Task item. With the first line below as the start and the line containing "a kitchen with" as the end, copy every line between them exactly, ends included.

Data.
---
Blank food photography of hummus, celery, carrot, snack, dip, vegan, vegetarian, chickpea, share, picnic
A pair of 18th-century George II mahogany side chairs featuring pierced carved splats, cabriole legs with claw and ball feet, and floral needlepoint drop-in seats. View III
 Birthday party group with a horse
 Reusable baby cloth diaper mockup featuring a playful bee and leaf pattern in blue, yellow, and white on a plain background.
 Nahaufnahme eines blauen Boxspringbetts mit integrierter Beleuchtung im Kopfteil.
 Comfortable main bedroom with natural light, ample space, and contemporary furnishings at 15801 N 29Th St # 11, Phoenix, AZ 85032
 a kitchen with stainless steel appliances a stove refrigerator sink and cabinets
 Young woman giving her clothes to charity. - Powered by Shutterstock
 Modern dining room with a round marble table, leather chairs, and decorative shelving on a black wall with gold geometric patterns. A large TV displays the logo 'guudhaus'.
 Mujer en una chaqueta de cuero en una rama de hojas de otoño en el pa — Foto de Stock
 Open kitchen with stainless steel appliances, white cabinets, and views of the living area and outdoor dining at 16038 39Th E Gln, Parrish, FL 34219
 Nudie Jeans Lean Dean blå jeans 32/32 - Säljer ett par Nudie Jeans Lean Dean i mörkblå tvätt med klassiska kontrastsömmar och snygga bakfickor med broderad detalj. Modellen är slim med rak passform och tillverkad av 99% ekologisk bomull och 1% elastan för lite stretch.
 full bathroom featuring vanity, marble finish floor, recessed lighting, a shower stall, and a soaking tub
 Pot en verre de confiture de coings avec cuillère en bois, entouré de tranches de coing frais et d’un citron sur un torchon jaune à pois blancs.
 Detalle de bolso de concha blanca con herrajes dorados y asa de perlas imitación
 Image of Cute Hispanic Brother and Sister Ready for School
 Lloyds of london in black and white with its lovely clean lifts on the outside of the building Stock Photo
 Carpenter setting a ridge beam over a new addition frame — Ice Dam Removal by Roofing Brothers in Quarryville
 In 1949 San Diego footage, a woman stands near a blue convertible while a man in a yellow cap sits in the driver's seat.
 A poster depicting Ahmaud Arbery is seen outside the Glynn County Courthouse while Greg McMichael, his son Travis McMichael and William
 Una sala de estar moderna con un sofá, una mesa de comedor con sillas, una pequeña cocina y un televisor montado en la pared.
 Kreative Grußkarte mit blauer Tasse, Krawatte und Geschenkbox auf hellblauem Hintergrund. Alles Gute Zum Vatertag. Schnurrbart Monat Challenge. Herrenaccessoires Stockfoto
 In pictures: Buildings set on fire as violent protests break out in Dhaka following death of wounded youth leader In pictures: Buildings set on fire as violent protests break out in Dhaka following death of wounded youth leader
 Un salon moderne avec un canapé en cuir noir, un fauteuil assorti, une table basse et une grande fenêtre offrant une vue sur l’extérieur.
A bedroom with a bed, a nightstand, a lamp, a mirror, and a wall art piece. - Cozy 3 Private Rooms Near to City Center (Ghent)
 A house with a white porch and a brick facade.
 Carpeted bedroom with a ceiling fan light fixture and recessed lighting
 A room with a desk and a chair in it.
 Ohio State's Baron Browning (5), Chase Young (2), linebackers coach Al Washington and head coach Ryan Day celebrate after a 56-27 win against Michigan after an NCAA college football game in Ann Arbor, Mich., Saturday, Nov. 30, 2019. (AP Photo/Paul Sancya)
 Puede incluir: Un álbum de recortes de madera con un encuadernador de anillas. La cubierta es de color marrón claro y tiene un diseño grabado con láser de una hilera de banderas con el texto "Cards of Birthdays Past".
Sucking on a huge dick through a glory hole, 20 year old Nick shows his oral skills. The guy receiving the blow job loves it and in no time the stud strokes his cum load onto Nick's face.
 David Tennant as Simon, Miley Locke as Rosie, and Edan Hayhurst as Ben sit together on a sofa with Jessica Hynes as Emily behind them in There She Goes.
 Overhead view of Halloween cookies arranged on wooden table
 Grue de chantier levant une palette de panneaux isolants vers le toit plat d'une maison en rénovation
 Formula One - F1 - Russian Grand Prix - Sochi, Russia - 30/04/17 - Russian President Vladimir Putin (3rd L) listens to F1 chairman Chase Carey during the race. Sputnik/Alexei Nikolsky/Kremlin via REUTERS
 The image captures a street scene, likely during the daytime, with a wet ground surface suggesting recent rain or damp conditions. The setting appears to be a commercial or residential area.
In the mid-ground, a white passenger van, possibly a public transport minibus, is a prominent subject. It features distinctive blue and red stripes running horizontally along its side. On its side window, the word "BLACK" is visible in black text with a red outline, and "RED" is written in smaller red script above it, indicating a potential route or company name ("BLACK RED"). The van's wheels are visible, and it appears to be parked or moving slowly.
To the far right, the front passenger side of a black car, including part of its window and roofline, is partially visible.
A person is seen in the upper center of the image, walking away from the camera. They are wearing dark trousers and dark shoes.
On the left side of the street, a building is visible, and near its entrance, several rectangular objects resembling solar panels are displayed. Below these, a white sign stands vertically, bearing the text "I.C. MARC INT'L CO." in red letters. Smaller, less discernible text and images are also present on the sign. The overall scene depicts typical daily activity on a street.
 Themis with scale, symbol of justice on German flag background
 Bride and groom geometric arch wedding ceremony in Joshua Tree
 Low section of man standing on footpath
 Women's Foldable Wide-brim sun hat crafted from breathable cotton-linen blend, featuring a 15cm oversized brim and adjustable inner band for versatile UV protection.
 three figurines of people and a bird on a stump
---
Response box.
Blank food photography of hummus, celery, carrot, snack, dip, vegan, vegetarian, chickpea, share, picnic
A pair of 18th-century George II mahogany side chairs featuring pierced carved splats, cabriole legs with claw and ball feet, and floral needlepoint drop-in seats. View III
 Birthday party group with a horse
 Reusable baby cloth diaper mockup featuring a playful bee and leaf pattern in blue, yellow, and white on a plain background.
 Nahaufnahme eines blauen Boxspringbetts mit integrierter Beleuchtung im Kopfteil.
 Comfortable main bedroom with natural light, ample space, and contemporary furnishings at 15801 N 29Th St # 11, Phoenix, AZ 85032
 a kitchen with stainless steel appliances a stove refrigerator sink and cabinets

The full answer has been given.